# Aim of the exercise
Word for word, restate the lines of the listing below from the line with "Ceniceros, en el" through the line with "Plisserad kjol från", and do not include the pictures.

==== Given data

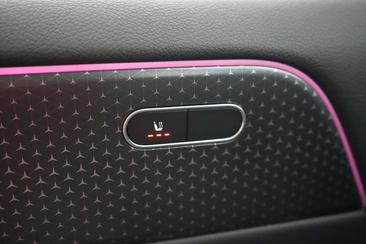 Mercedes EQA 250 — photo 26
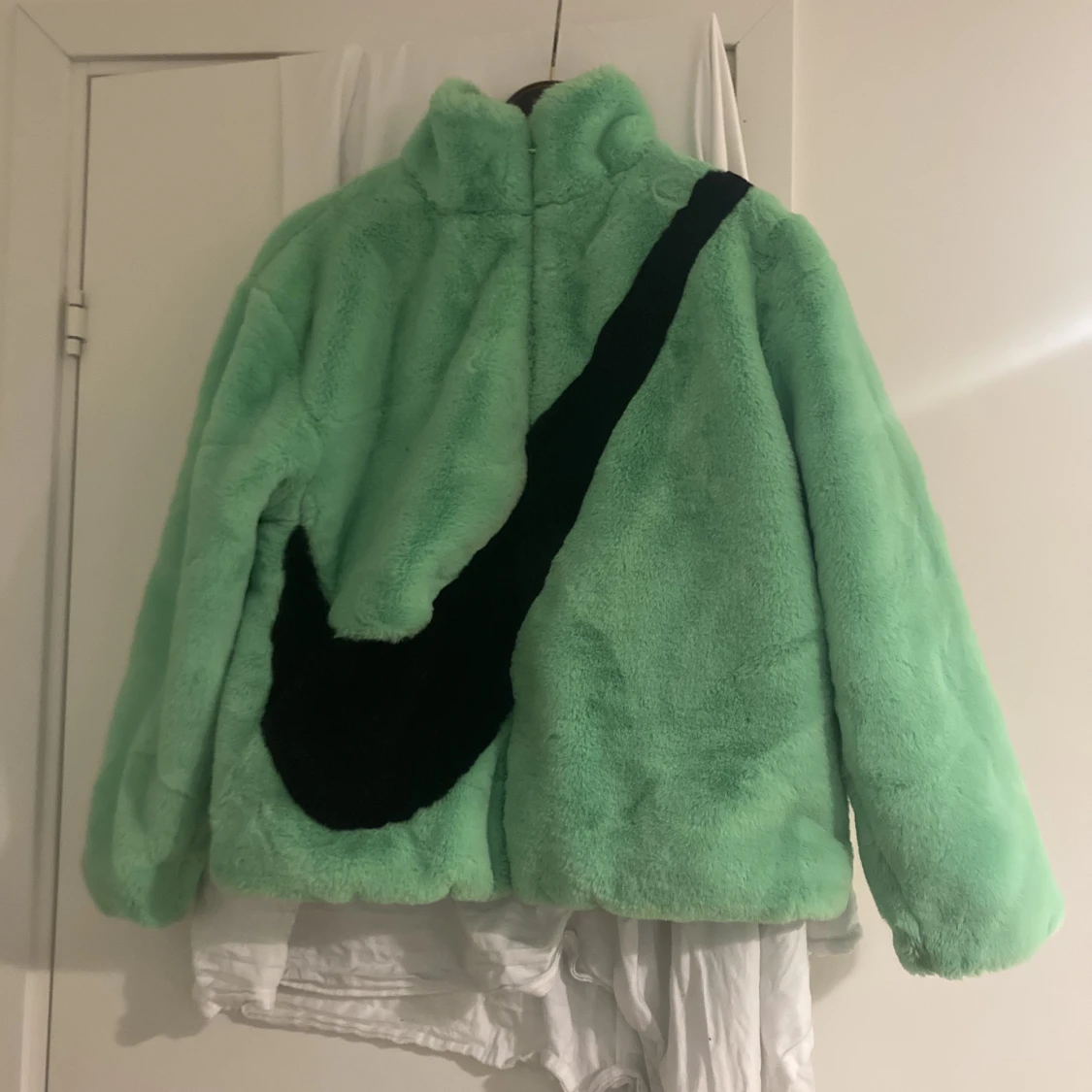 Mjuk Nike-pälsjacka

========
==== Given data

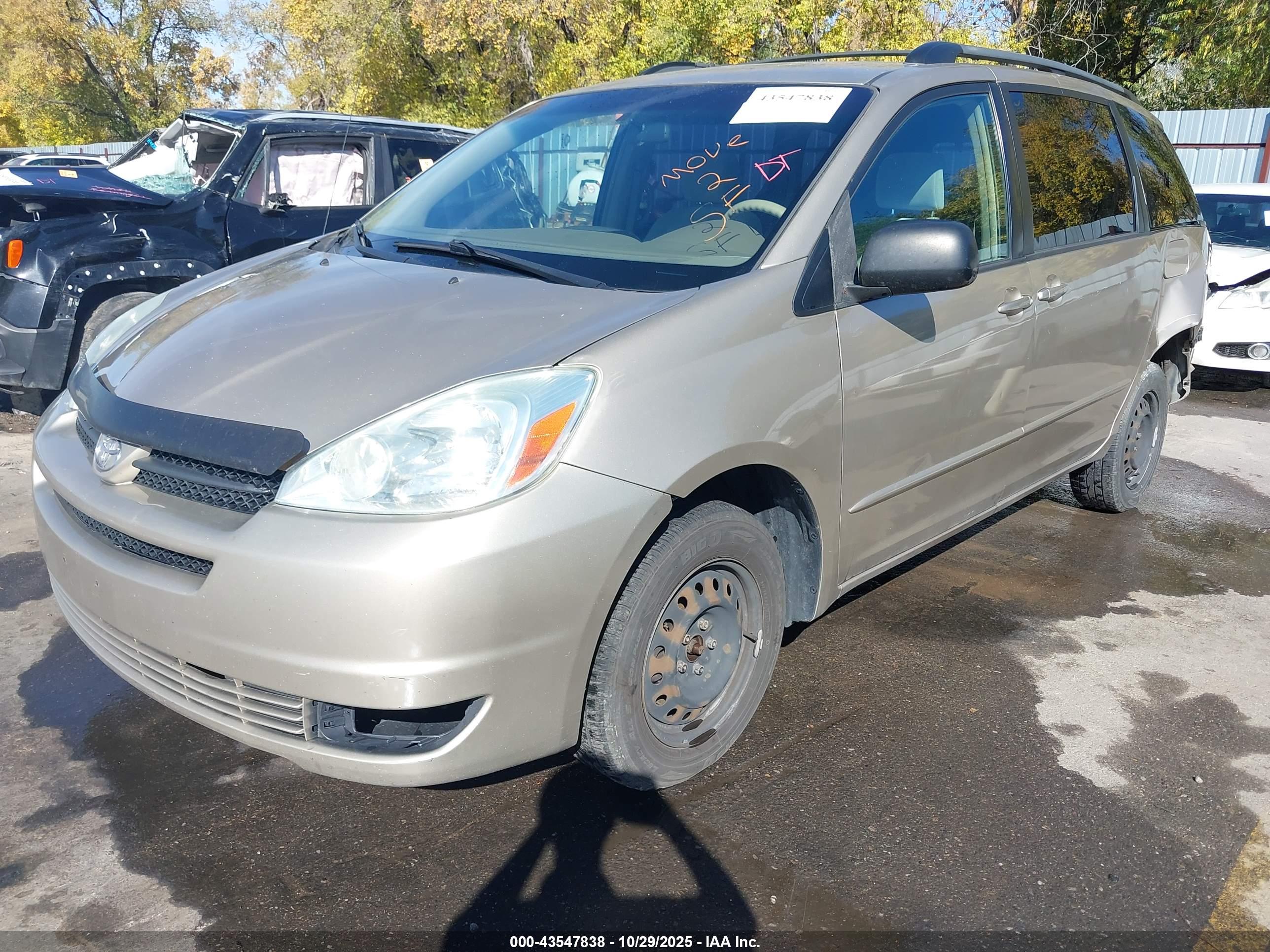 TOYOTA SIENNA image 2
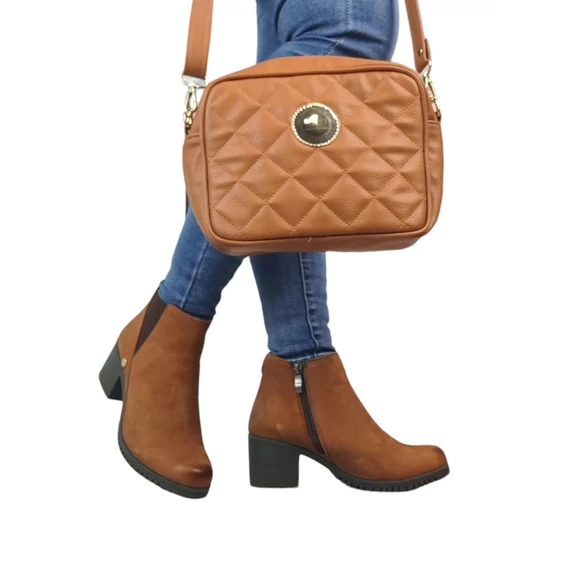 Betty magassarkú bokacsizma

========
==== Given data

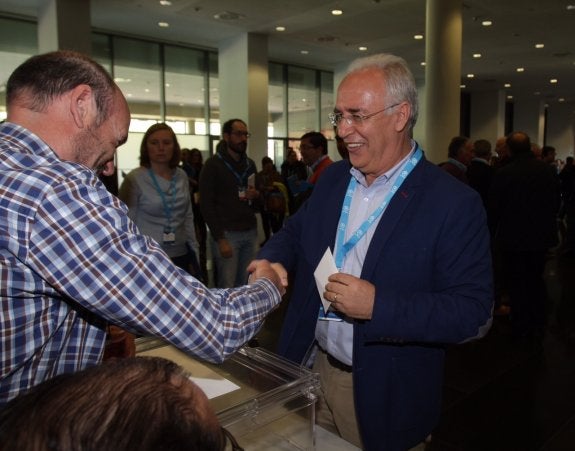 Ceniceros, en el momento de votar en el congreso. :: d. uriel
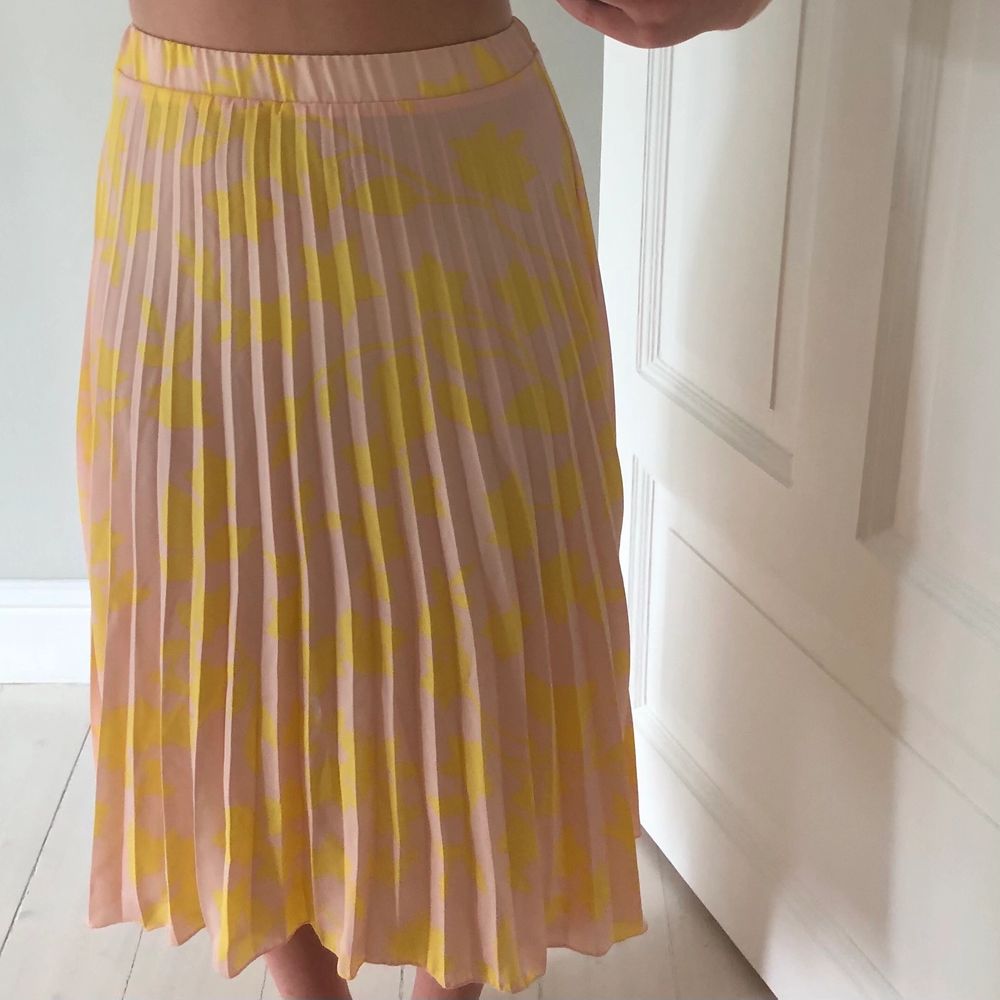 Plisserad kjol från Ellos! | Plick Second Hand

========

# Response to this task
 Ceniceros, en el momento de votar en el congreso. :: d. uriel
 Plisserad kjol från Ellos! | Plick Second Hand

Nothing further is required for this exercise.